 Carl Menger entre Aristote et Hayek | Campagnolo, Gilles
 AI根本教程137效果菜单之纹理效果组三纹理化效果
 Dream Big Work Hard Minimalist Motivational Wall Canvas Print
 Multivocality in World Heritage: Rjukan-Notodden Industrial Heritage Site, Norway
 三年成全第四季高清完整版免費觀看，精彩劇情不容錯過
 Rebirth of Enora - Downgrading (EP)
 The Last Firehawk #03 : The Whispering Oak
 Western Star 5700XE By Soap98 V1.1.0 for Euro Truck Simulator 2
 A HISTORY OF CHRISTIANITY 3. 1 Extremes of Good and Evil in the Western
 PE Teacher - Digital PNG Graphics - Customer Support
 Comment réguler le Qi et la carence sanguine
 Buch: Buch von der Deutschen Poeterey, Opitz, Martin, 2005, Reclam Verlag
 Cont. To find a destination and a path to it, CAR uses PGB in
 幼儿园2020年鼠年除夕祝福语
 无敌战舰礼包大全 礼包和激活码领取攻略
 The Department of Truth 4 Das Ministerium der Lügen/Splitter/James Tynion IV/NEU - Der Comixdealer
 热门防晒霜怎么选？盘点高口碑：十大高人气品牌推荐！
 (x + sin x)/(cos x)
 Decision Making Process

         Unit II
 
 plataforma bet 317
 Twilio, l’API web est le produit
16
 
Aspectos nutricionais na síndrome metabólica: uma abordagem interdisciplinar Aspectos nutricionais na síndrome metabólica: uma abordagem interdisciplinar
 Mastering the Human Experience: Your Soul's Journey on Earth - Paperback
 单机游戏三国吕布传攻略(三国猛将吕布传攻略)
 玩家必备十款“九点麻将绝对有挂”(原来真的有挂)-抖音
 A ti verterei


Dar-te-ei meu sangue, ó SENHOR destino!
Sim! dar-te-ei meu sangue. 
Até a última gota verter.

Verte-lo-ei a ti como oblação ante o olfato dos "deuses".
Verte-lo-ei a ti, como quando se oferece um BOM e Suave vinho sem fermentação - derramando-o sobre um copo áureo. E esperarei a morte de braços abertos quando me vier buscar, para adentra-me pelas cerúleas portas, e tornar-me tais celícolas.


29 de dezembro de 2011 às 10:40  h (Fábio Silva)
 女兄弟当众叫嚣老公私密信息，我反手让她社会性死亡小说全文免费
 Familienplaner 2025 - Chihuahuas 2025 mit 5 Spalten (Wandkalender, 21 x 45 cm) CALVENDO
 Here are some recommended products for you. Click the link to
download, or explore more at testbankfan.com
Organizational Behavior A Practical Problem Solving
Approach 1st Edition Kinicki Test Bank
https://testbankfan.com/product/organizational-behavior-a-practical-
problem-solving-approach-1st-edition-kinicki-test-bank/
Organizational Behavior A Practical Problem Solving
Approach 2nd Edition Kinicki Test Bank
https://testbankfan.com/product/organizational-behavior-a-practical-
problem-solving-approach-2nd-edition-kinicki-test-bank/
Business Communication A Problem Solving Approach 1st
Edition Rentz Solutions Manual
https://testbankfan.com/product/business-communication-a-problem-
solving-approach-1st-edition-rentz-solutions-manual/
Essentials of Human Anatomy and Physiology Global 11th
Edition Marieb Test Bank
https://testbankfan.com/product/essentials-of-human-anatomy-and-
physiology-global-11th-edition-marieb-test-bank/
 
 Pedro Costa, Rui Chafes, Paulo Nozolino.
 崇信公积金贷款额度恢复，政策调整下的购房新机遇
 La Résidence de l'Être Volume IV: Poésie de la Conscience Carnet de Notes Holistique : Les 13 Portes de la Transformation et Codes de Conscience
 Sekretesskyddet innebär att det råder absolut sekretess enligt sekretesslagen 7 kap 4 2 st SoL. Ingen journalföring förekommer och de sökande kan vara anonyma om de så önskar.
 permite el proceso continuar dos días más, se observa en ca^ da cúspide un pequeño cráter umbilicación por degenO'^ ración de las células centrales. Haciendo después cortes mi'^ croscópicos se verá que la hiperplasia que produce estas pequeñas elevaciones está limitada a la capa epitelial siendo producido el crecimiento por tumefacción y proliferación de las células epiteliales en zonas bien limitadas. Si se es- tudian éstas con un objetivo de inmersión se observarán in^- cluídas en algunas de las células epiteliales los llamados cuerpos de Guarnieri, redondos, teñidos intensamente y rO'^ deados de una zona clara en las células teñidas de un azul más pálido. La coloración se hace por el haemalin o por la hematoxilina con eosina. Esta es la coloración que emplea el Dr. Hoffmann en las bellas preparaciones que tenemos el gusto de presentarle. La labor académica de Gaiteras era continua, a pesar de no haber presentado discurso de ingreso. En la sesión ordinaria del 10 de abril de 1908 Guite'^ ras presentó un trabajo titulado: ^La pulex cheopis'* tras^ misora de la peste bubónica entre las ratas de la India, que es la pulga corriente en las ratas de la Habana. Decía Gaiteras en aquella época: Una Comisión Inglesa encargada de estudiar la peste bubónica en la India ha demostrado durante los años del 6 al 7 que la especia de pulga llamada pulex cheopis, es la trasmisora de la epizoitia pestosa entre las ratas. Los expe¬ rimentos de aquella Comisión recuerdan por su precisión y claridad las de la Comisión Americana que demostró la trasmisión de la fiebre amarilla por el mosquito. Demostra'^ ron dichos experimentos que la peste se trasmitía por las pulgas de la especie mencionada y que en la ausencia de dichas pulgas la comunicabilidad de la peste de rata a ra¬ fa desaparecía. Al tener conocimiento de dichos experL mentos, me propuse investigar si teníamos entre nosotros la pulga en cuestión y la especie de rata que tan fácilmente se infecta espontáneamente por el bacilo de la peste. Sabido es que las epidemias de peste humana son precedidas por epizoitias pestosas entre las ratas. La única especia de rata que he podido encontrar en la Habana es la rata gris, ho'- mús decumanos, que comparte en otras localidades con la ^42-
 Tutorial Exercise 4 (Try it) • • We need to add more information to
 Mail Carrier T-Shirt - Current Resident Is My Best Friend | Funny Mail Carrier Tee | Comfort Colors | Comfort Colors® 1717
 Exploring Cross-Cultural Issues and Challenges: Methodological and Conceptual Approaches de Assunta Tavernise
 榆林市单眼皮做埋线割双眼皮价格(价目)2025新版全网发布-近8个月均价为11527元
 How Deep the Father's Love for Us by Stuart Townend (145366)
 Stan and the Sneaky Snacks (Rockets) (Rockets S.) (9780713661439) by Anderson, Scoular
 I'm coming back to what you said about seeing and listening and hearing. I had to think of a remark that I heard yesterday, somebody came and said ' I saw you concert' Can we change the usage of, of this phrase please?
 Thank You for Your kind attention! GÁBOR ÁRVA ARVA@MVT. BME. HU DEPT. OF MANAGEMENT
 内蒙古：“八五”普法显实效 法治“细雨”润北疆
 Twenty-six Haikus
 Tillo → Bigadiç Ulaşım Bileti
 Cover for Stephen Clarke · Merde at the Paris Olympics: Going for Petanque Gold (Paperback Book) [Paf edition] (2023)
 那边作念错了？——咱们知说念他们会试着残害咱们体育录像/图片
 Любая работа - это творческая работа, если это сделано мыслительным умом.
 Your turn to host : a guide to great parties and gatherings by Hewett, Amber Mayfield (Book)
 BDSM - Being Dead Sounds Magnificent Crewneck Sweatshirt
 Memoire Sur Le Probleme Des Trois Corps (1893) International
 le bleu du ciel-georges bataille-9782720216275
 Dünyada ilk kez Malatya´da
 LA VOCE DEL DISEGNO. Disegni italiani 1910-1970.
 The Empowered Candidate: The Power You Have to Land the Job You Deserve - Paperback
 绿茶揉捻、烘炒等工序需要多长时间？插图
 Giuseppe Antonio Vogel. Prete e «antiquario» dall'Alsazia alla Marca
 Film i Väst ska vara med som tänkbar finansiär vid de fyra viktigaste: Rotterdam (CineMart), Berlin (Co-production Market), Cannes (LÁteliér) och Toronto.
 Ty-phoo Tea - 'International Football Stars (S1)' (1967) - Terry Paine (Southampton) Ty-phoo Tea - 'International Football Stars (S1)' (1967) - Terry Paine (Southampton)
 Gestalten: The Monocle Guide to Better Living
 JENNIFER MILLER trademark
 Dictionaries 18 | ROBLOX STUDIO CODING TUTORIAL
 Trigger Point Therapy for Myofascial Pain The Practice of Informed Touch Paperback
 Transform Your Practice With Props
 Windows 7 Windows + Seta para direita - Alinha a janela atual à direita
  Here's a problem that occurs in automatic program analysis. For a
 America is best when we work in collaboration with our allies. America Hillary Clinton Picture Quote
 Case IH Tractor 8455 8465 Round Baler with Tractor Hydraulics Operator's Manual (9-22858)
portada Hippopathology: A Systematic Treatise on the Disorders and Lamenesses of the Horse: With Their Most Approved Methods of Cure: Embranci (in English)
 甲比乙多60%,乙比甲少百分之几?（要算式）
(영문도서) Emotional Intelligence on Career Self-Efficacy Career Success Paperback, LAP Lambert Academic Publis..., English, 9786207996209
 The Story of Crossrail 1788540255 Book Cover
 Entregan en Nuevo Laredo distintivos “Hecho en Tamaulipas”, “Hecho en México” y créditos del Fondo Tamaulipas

□ □ □ □ □ □ □

> **What you have to do**
Copy exactly the lines from the one containing "Windows 7 Windows" through the last line of the records, both included, and nothing else.

> **Task solution**
 Windows 7 Windows + Seta para direita - Alinha a janela atual à direita
  Here's a problem that occurs in automatic program analysis. For a
 America is best when we work in collaboration with our allies. America Hillary Clinton Picture Quote
 Case IH Tractor 8455 8465 Round Baler with Tractor Hydraulics Operator's Manual (9-22858)
portada Hippopathology: A Systematic Treatise on the Disorders and Lamenesses of the Horse: With Their Most Approved Methods of Cure: Embranci (in English)
 甲比乙多60%,乙比甲少百分之几?（要算式）
(영문도서) Emotional Intelligence on Career Self-Efficacy Career Success Paperback, LAP Lambert Academic Publis..., English, 9786207996209
 The Story of Crossrail 1788540255 Book Cover
 Entregan en Nuevo Laredo distintivos “Hecho en Tamaulipas”, “Hecho en México” y créditos del Fondo Tamaulipas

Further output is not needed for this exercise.